- You may wish to consult
Vulcanfor other, similarly-named pages.
Vulcan was a young volcanic world with fertile soil and no native life. (PROSE: The Power of the Daleks) The length of its day was only about an hour shorter than Earth's, and its atmosphere was breathable by humans, with an oxygen density of 172, no radiation, and a temperature of 86 degrees Fahrenheit (30 degrees Celsius). Among the volcanic sand and ash were pools of fuming mercury. (TV: The Power of the Daleks) Vulcan's day was several hours shorter than Earth's. (PROSE: The Power of the Daleks)

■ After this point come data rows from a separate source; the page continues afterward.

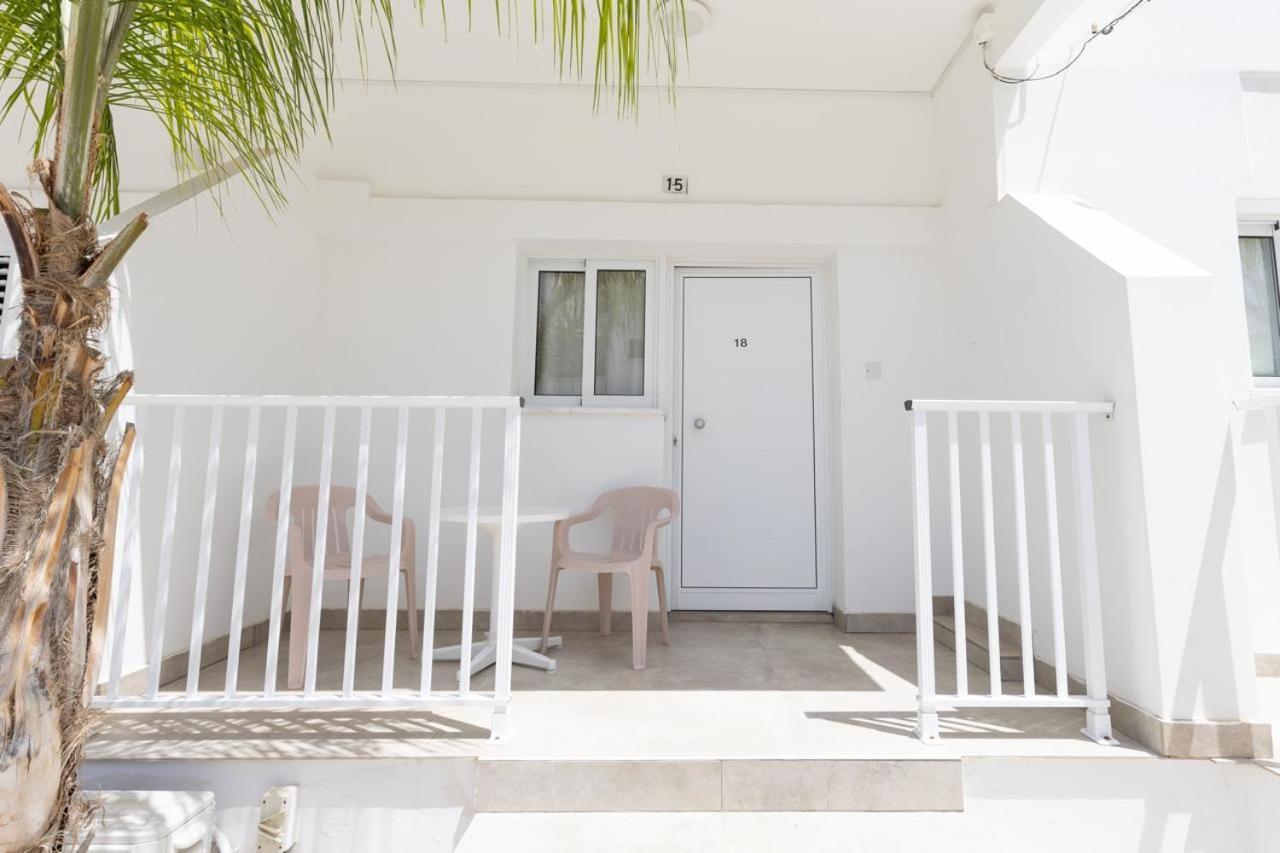 Christothea Apartments Ayia Napa Bagian luar foto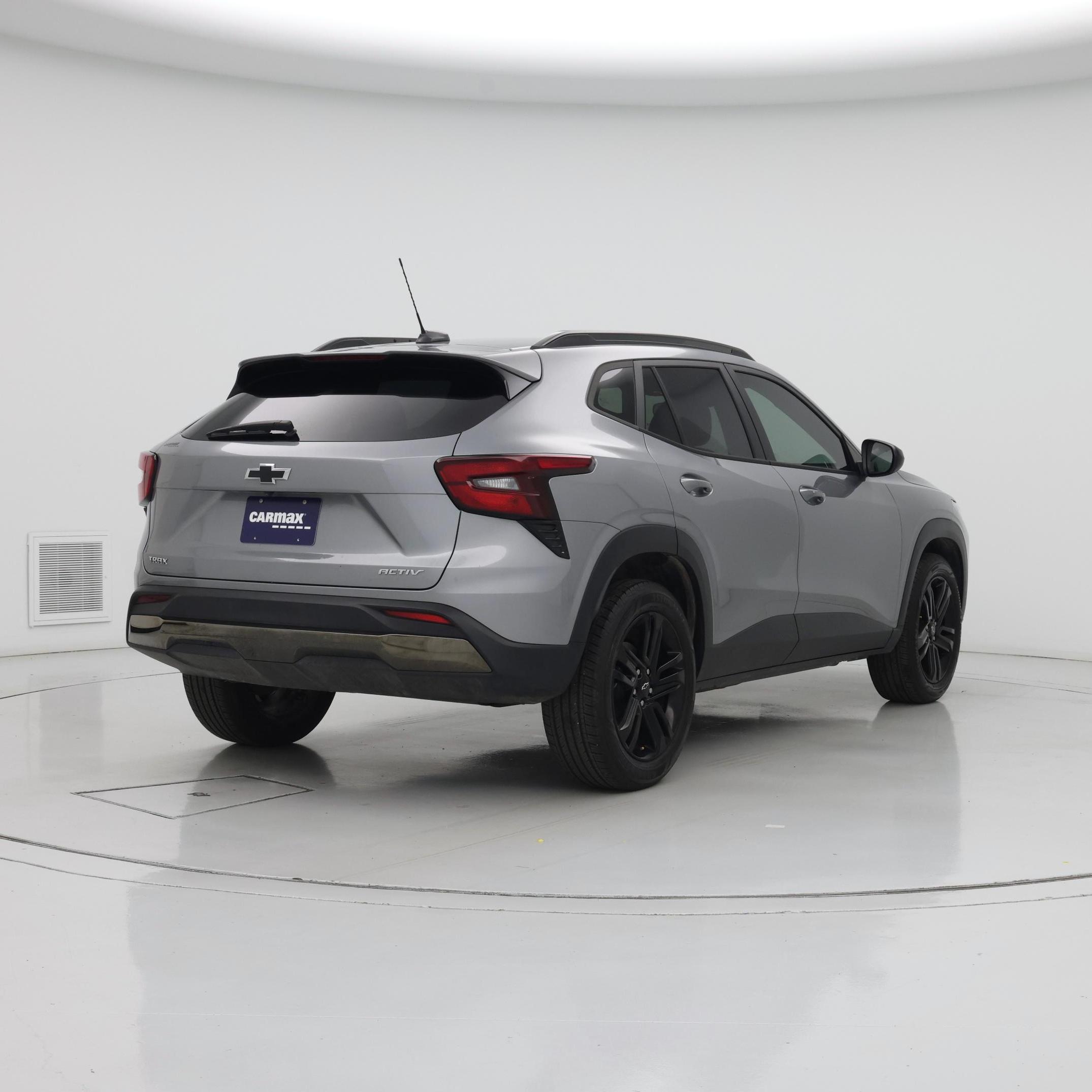 Thumbnail: 2024 Chevrolet Trax - 8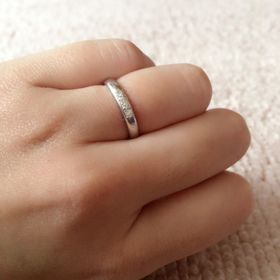 【TASAKI(タサキ)の口コミ】 シルバーでウェーブなしを希望していたので、こちらになりました。
同じよ…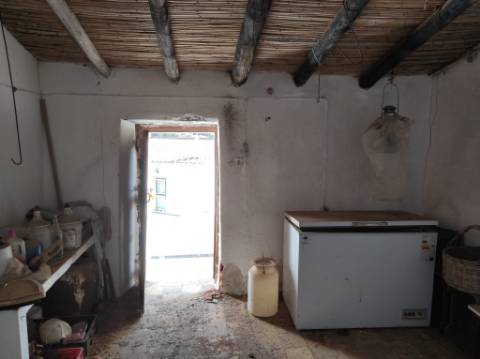 MORADIA DE ALDEIA - 129 M2 - COM LOGRADOURO - CORTE PEQUENA - ODELEITE - CASTRO MARIM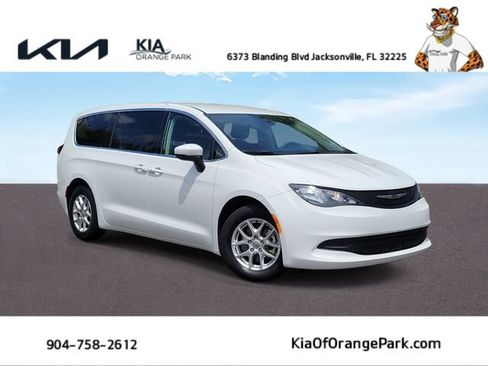 Used 2023 Chrysler Voyager LX FWD image 1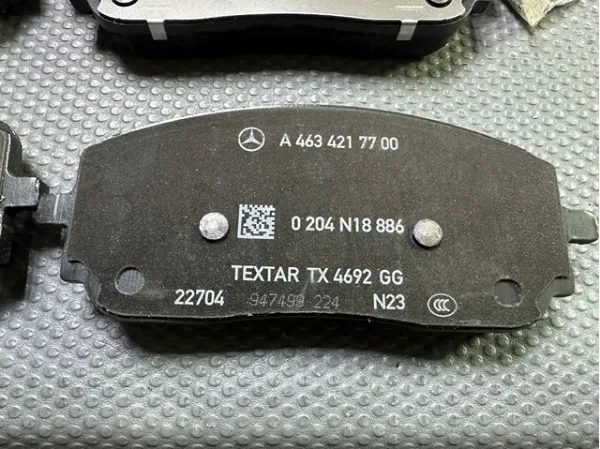 Klocki hamulcowe przednie tarczowe A0004203905 Mercedes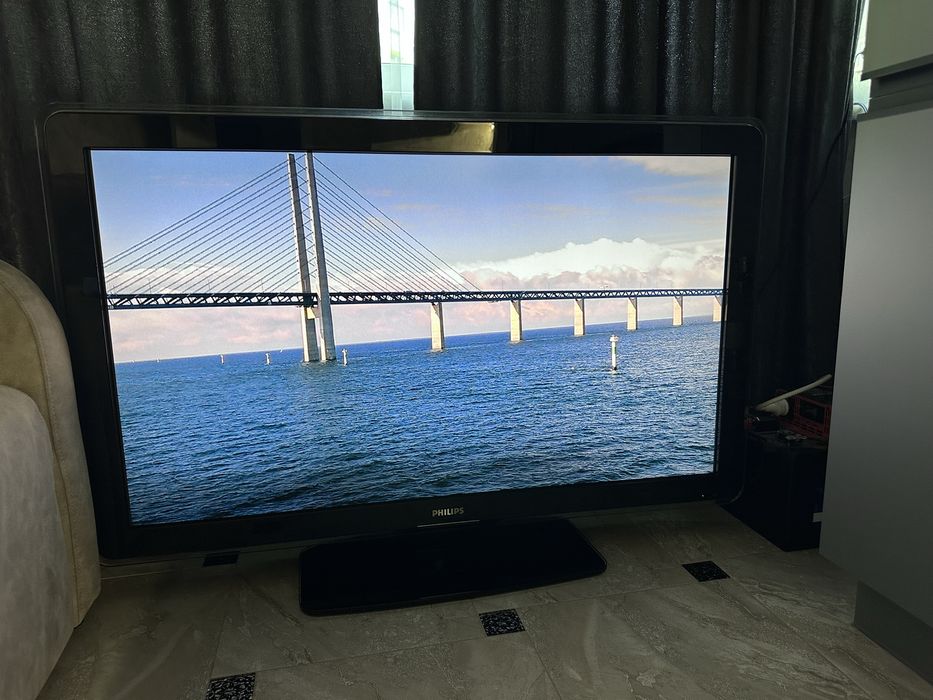 Продам телевізор Philips 52PFL7203H/10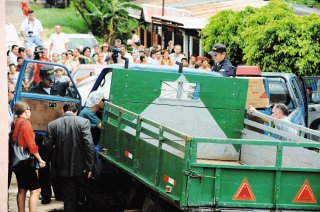 Hoy a eso aproximadamente de la 1am, Wilson Hernandez de 20 aos,murio impactados de 2 balazos en su cabeza,por causas no esclarecidas,dentro la cabina de un camion donde dormia.Foto de Jorge Castillo. 10:30am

According to one account, Vulcan was the closest planet to Sol in Earth's solar system. (COMIC: Invasion of the Daleks) By another account, Mercury was the first planet, (AUDIO: The Satanic Mill) making Earth "Sol III", (TV: Voyage of the Damned) and Vulcan was either many parsecs from Earth, out on the frontier, (PROSE: The Power of the Daleks) or in the Museum of Things That Don't Exist. (PROSE: The Taking of Planet 5)
Vulcan was colonised years before the Dalek invasion of Earth in the mid-22nd century. (PROSE: The Power of the Daleks) By 2136, Terri Willis told Ben Jackson Vulcan was "practically a legend." (PROSE: The Murder Game)
After humans discovered the mineral riches of the planet, it became humanity's third ever colony, as Earth was suffering from mineral shortages at the time. It was owned and funded by the Interplanetary Mining Corporation, who sought to keep things "economical" by providing the colony with the bare necessities of technology and equipment, stifling efficiency and increasing danger on the planet and in its mines. This built up resentment, and a band of rebels began plotting against Governor Hensell, whom they viewed as an IMC mouthpiece. At the time, the nearest human settlement was twelve parsecs away. (PROSE: The Power of the Daleks)
Early in the colony's history, a crashed spacecraft was discovered underground. At the same time as Bragen's rebellion against Hensell, it was reactivated by Lesterson, releasing Daleks who began an indiscriminate slaughter of the colonists. However, the Second Doctor arrived and overloaded their temporary static circuit from the colony's electricity supply (TV: The Power of the Daleks) with a device made by Magpie Electricals. (HOMEVID: The Power of the Daleks) The Daleks that survived this encounter with the Doctor were classified as insane and were sent to the "intensive care" section of the Dalek Asylum. These Daleks were later destroyed when the Dalek Parliament blew up the planet. (TV: Asylum of the Daleks)
Quinn became Governor in the aftermath of the rebellion and the Dalek attack. (TV: The Power of the Daleks) As he left, the Doctor knew that the terraforming would succeed and Vulcan would be covered with greenery and new cities. (PROSE: The Power of the Daleks)
Preparing for an uprising, the Yes Men servant robots on New Houston made Ben Jackson relive the Dalek attack on Vulcan repeatedly through a simulation until he found a way to win the fight. (AUDIO: The Yes Men)
When the Daleks planned to invade Earth's solar system in 2400, Vulcan was on their map between the Sun and Mercury. The Golden Emperor worried that humans would soon have colonies on every planet of their solar system. (COMIC: Invasion of the Daleks)
Vulcan appeared as an exhibit in the Museum of Things That Don't Exist. One sponsor of the museum believed Vulcan was invented by Star Trek. (PROSE: The Taking of Planet 5) Vulcan was the home planet of the Vulcan species from the Federation universe (COMIC: Assimilation²) and the fictional Star Trek series. (PROSE: The Slow Empire)
When the Tenth Doctor was stranded without his TARDIS in the 41st century, he bluffed to be an Earth Examiner returned from Vulcan to get answers from the personnel at a spaceport. (AUDIO: The House of Kingdom)
Behind the scenes
- In the 19th and 20th centuries, Vulcan was a hypothesised planet between the Sun and the orbit of Mercury. While the theory has since been discredited, such a planet was shown in a chart of the solar system in Invasion of the Daleks, a 1964 comic story by Terry Nation and David Whitaker, and then featured prominently as the setting of Whitaker's 1966 Second Doctor television story The Power of the Daleks. However, later stories would establish that Mercury was the closest planet to the Sun, and John Peel's 1993 novelisation of The Power of the Daleks depicted Vulcan as existing many parsecs from Earth and "quite a way out on the frontier" around a "fledgling sun". The Taking of Planet 5 referenced the dispute by including Vulcan in the Museum of Things That Don't Exist.
- The Star Trek character Spock came from the fictional planet Vulcan, which debuted on screen just two months before Vulcan appeared in The Power of the Daleks aired. Both shows seem to have selected the name independently.